| Exercise |
The line containing "Emporio Armani White" marks the start; extract exactly from it through the last line of the entries, and omit any pictures.

| Given information |
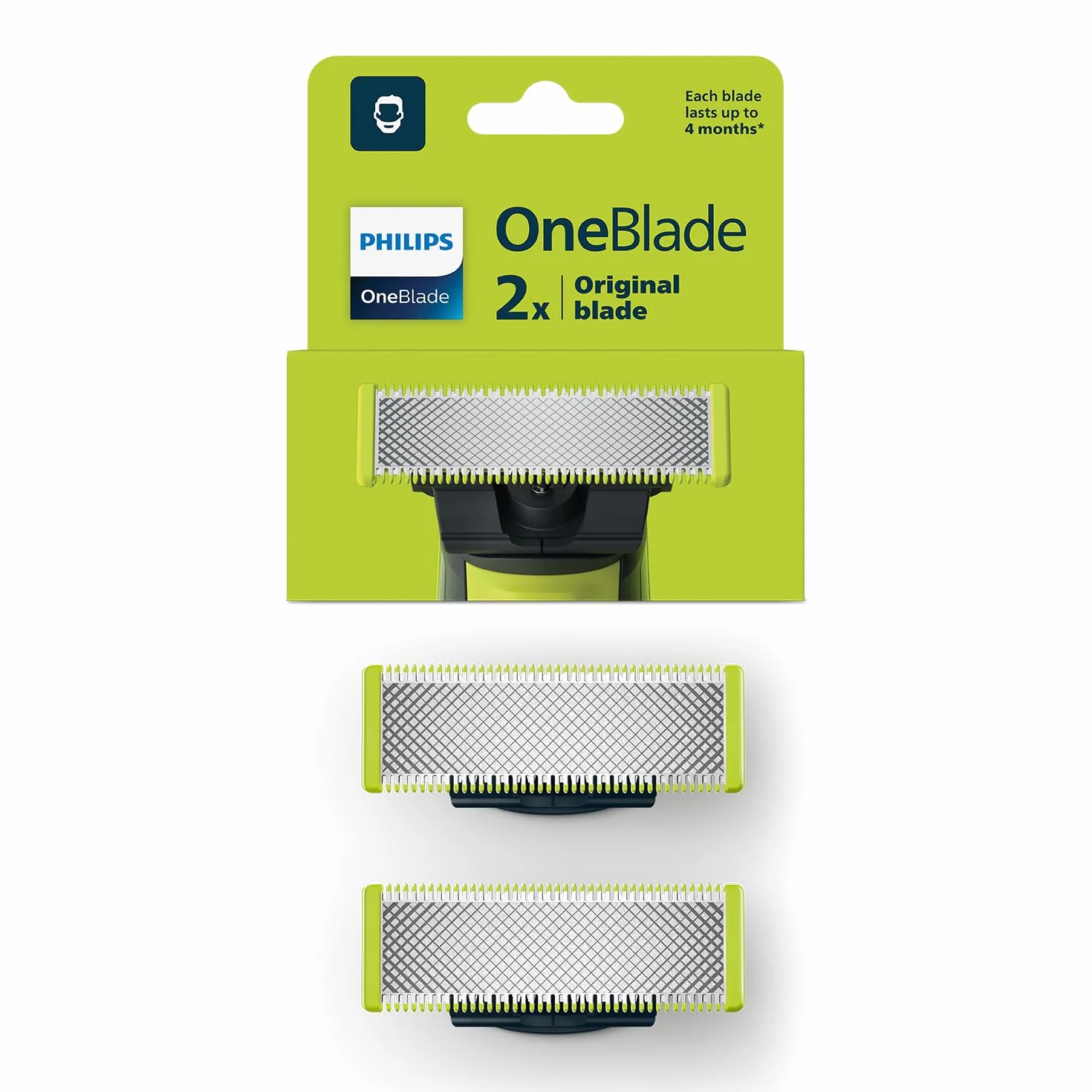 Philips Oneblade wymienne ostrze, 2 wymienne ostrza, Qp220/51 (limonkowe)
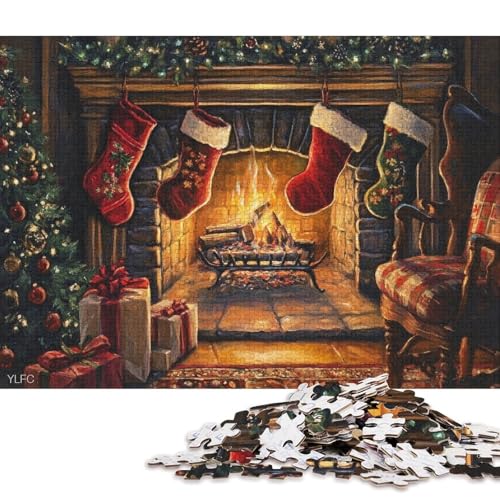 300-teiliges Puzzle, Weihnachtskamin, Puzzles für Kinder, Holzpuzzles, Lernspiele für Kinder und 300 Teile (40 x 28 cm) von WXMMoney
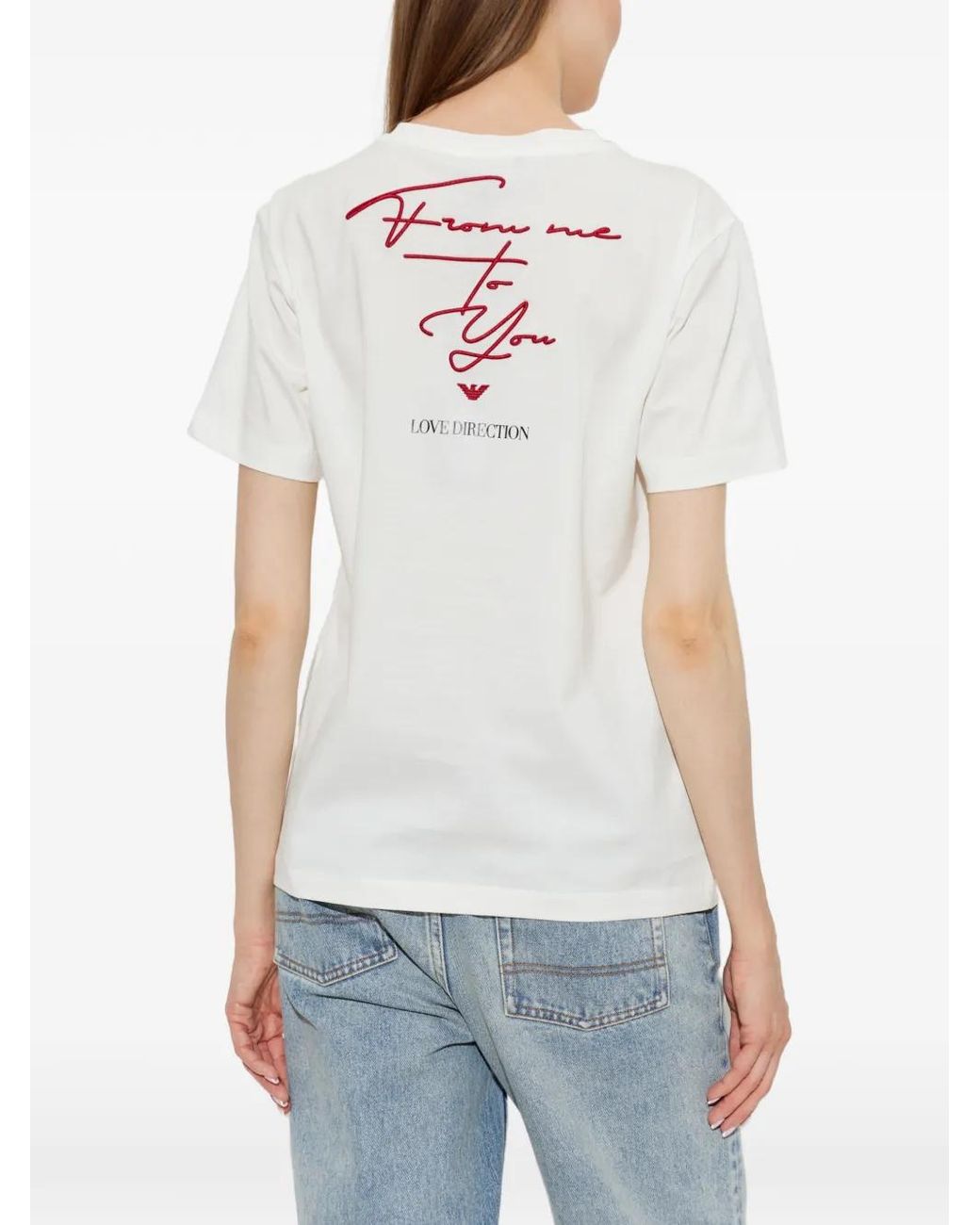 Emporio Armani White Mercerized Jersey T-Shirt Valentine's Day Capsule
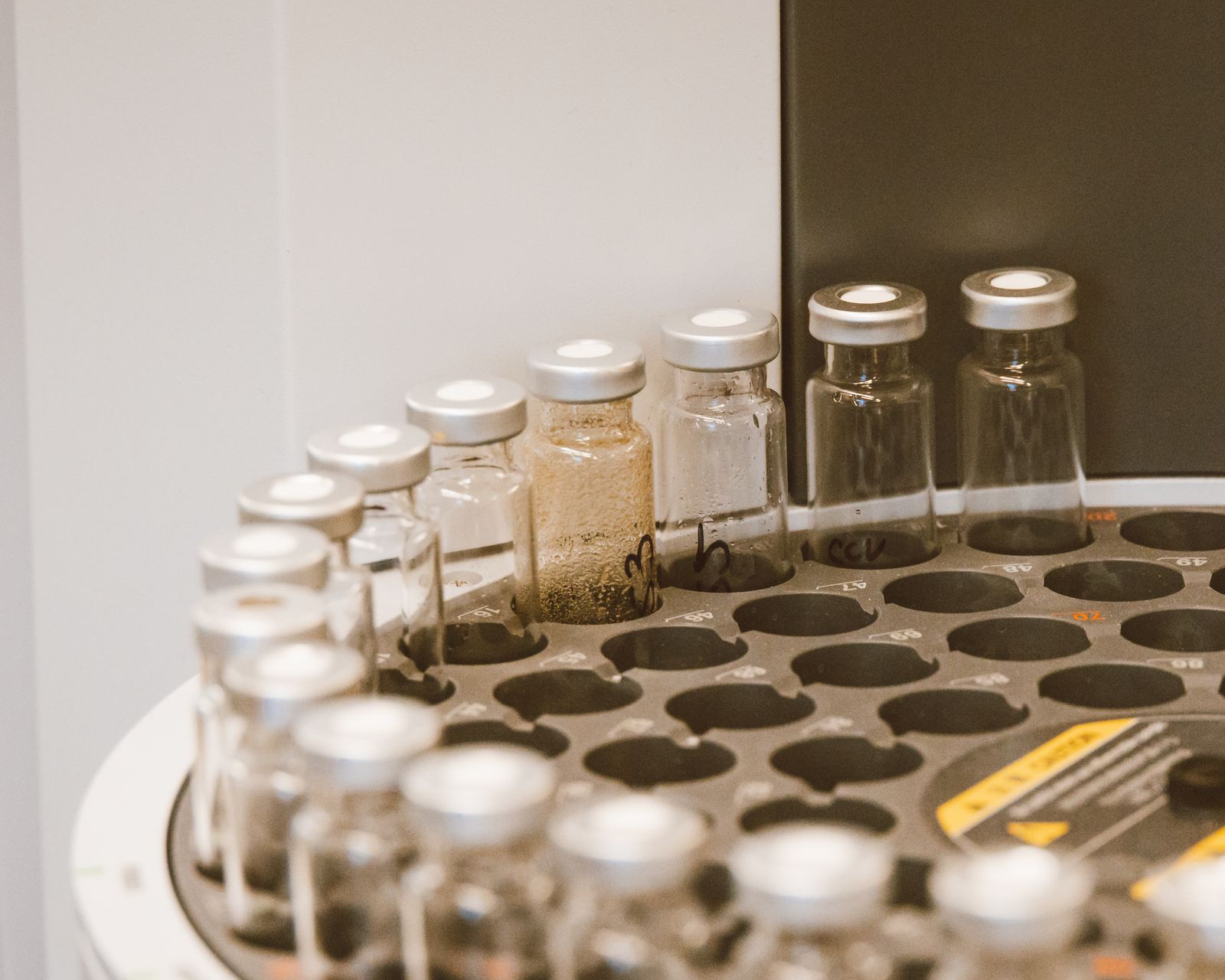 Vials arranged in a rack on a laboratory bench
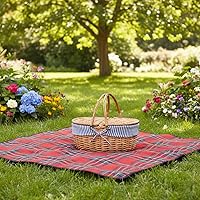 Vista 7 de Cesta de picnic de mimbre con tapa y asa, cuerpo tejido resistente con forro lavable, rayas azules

| Task answer |
 Emporio Armani White Mercerized Jersey T-Shirt Valentine's Day Capsule
 Vials arranged in a rack on a laboratory bench
 Vista 7 de Cesta de picnic de mimbre con tapa y asa, cuerpo tejido resistente con forro lavable, rayas azules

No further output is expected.